Machine Learning (ML)
A subset of AI that focuses on giving machines the ability to learn from data instead of being programmed manually.
Deep Learning (DL)
A subset of ML that uses neural networks, similar to how the human brain works, to learn from large amounts of data.
Data Science (DS)
A field that incorporates machine learning and deep learning techniques along with statistics, data visualization, and data cleaning.
Production System
A problem-solving system that uses a set of rules and knowledge to make decisions, commonly used in expert systems.
State Space Search
A process used to find solutions by exploring different possible states of a problem, represented as nodes and transitions.
Initial State
The starting point of a search process in a state space.
Goal State
The desired end configuration or objective in a state space search.
Transition
An action that changes one state to another within a state space.

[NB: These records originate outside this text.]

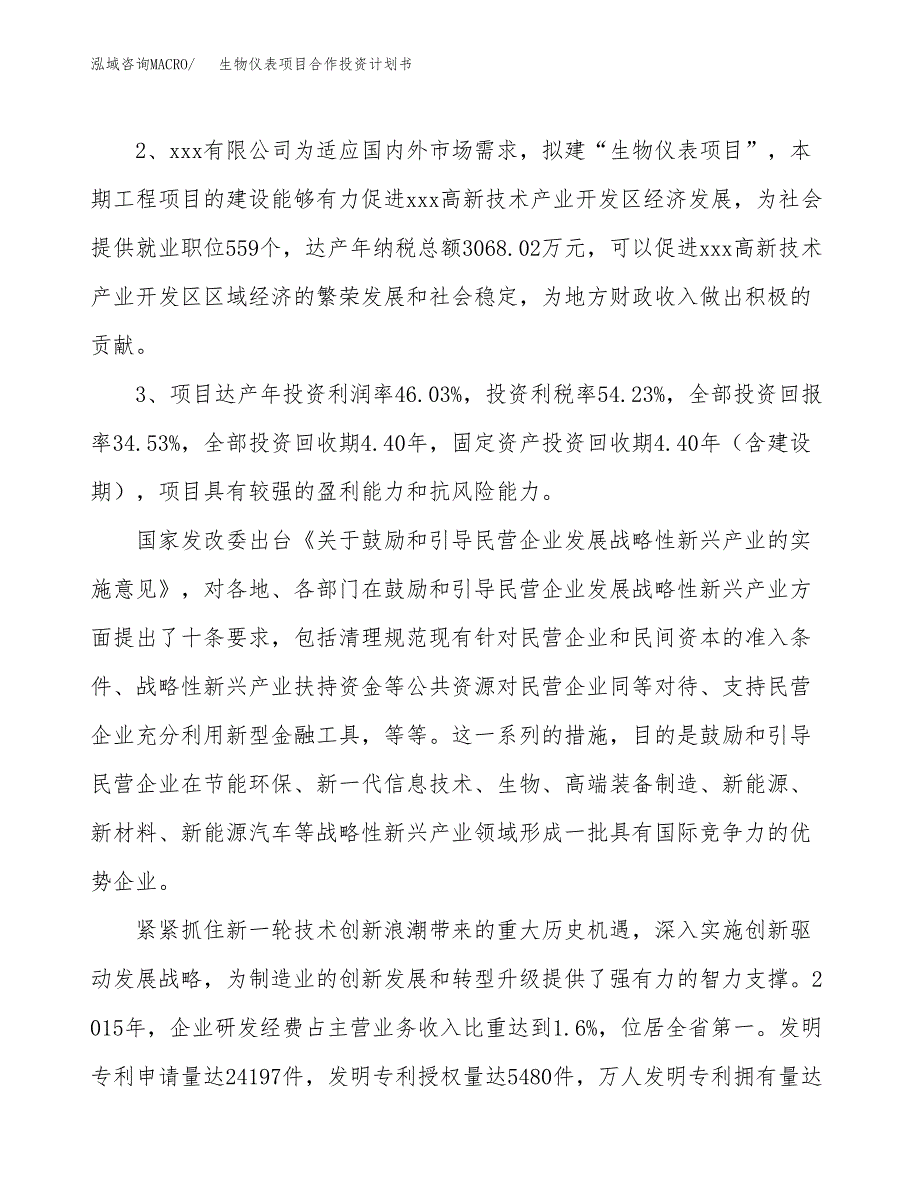 生物仪表项目合作投资计划书（样本）.docx_第4页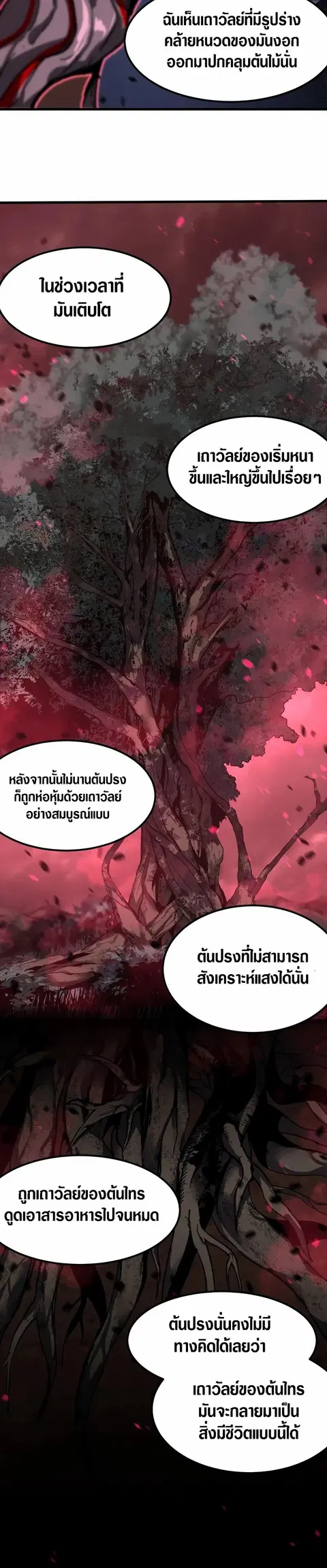 Super Evolution ตอนที่ 90 หน้า 3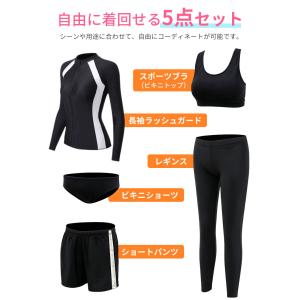 ラッシュガード レディース 5点セット 水着 ...の詳細画像1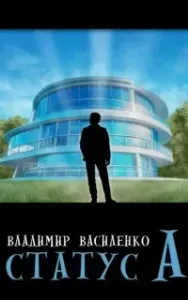 Наследие странников 4. Статус А - Владимир Василенко
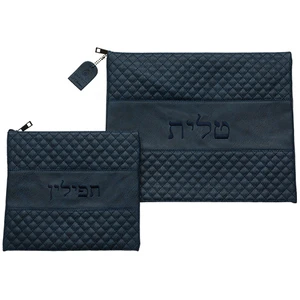 סט תיקי טלית ותפילין מדמוי עור כחול כהה עם ריקמה | 36 ס״מ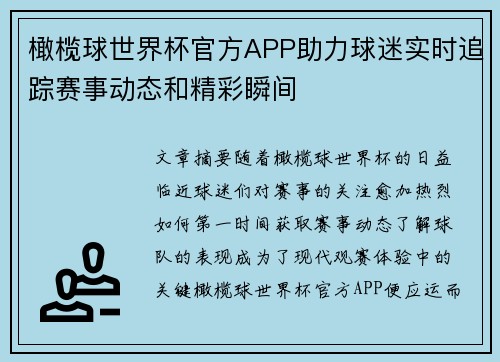 橄榄球世界杯官方APP助力球迷实时追踪赛事动态和精彩瞬间
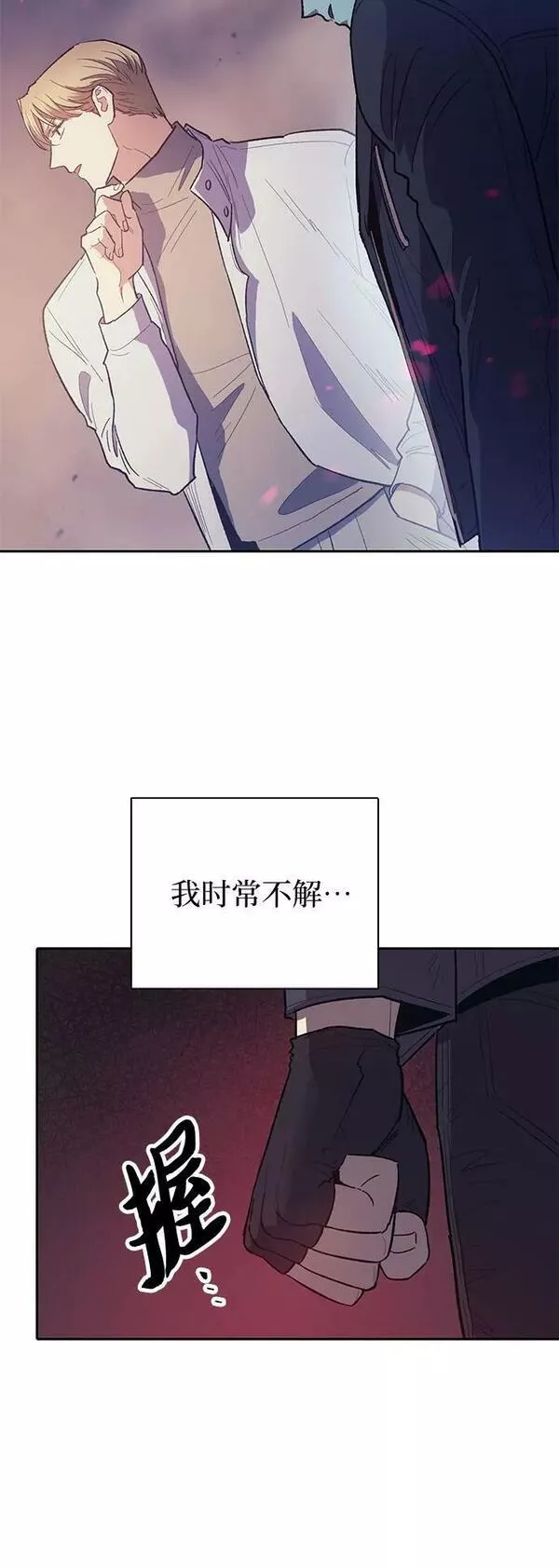 我培养的S级们漫画,[第87话] 古代龙人种（1）8图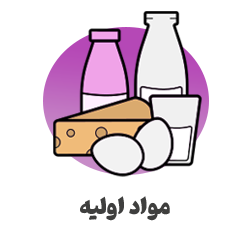 مواد-اولیه-2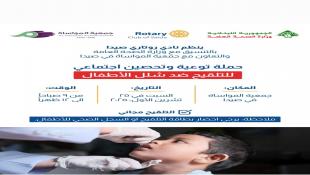 روتاري صيدا ينظم السبت في المواساة حملة توعية وتلقيح مجاني ضد شلل الأطفال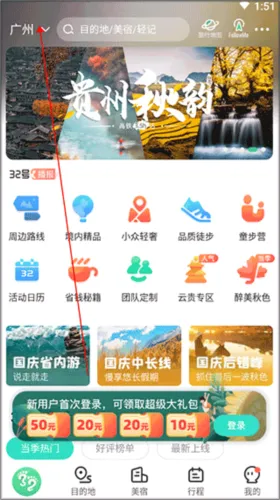 32号户外旅行App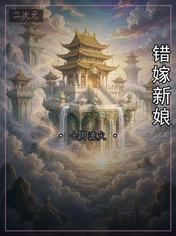 错嫁新娘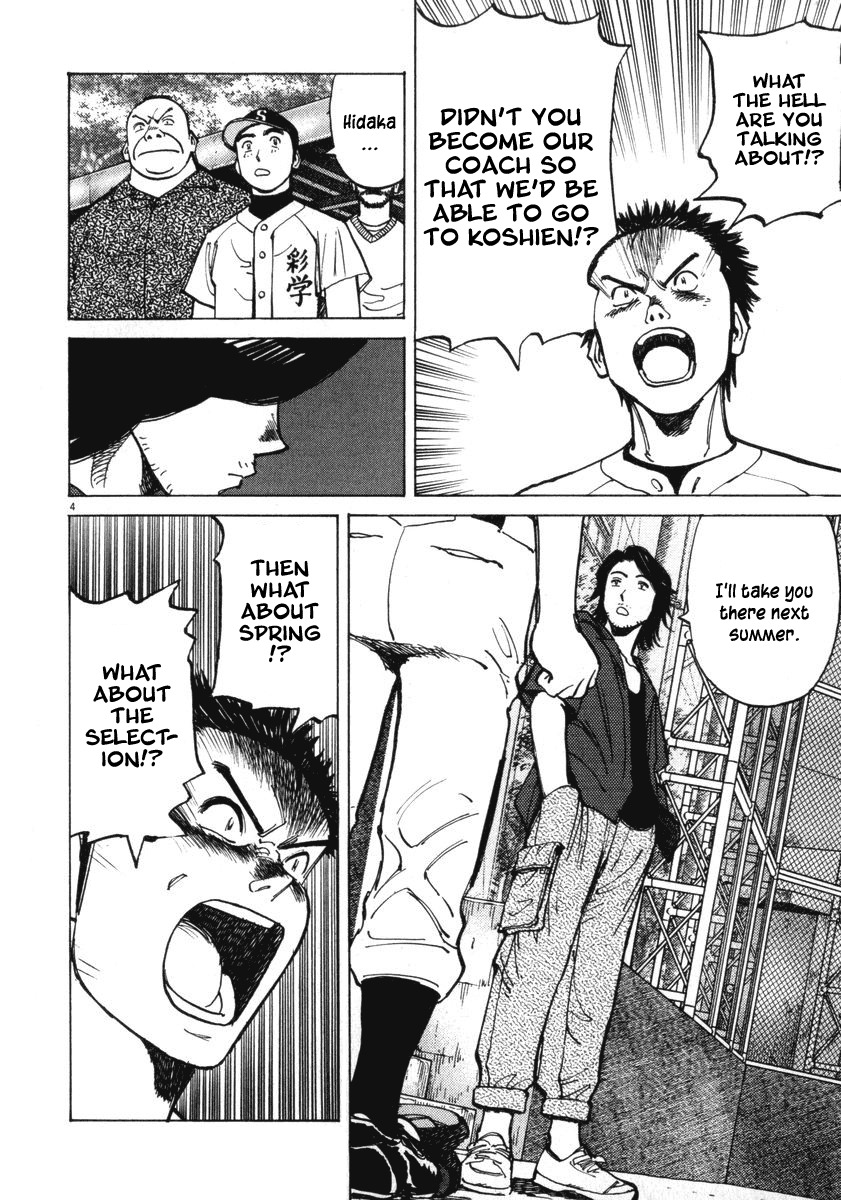 Last Inning chapter 10 page 4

Breadth-First Search (BFS)
An uninformed search strategy that traverses a tree or graph level by level using a QUEUE [FIFO] data structure.
Depth-First Search (DFS)
An uninformed search strategy that follows each path to its greatest depth using a STACK [LIFO] data structure.
General Problem Solving (GPS)
The ability of an AI system to solve a wide range of problems, such as puzzle solving or route finding, by mimicking human reasoning.
Heuristic Search
A search technique that uses an evaluation function to find the most efficient path from a starting point to a goal.
A* Search Algorithm
A heuristic search that finds the least-cost path using the evaluation function f(n)=g(n)+h(n), where g(n) is the path cost and h(n) is the heuristic estimate.
Best-First Search
A search algorithm that expands the node closest to the goal as estimated by a heuristic function, using OPEN and CLOSED lists.
Hill Climbing
A heuristic local search method that iteratively moves from the current state to a better neighboring state to find an optimal solution.
Global Maximum
The best state in a state-space diagram where the objective function achieves its highest value.
Local Maximum
A state that is better than its neighbors but not the best overall state in the space.
Problem Reduction
A method where a complex problem is broken down into smaller subproblems until each becomes easy to solve.
AO* Algorithm
A search method that divides difficult problems into smaller groups using AND-OR graphs and is designed to adapt to changing environments.
Constraint Satisfaction Problems (CSPs)
Problems solved by identifying values for variables that satisfy a set of rules or constraints, consisting of Variables, Domains, and Constraints.
Means-End Analysis (MEA)
A problem-solving technique that breaks down a goal into sub-goals to reduce the difference or gap between the current state and the goal state.
Uninformed Search
Also known as Blind Search, these algorithms operate in a brute-force way without additional information about the search space.